* [Information provided]

»»

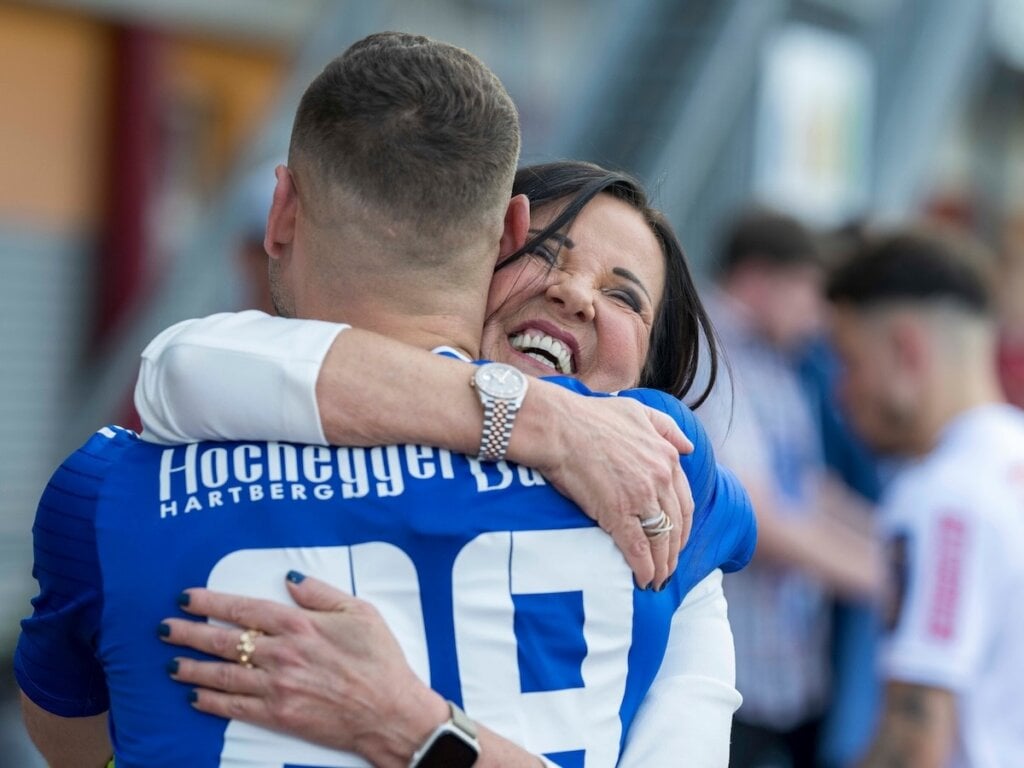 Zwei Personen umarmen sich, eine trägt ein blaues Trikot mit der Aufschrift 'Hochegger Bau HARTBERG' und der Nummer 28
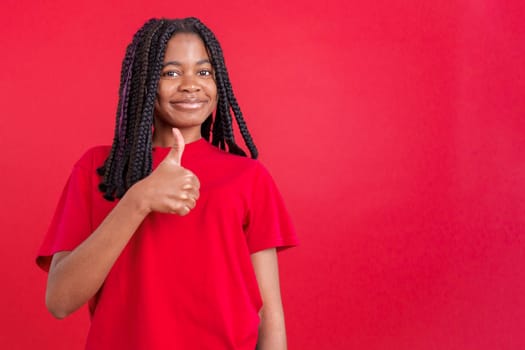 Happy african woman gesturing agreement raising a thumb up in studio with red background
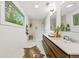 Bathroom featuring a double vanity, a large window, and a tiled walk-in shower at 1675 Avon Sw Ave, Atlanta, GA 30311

««

* [Exercise] Take every line of the material and copy it exactly, leaving out the pictures.

* [Exercise solution]
 Zwei Personen umarmen sich, eine trägt ein blaues Trikot mit der Aufschrift 'Hochegger Bau HARTBERG' und der Nummer 28
 Happy african woman gesturing agreement raising a thumb up in studio with red background
 Bathroom featuring a double vanity, a large window, and a tiled walk-in shower at 1675 Avon Sw Ave, Atlanta, GA 30311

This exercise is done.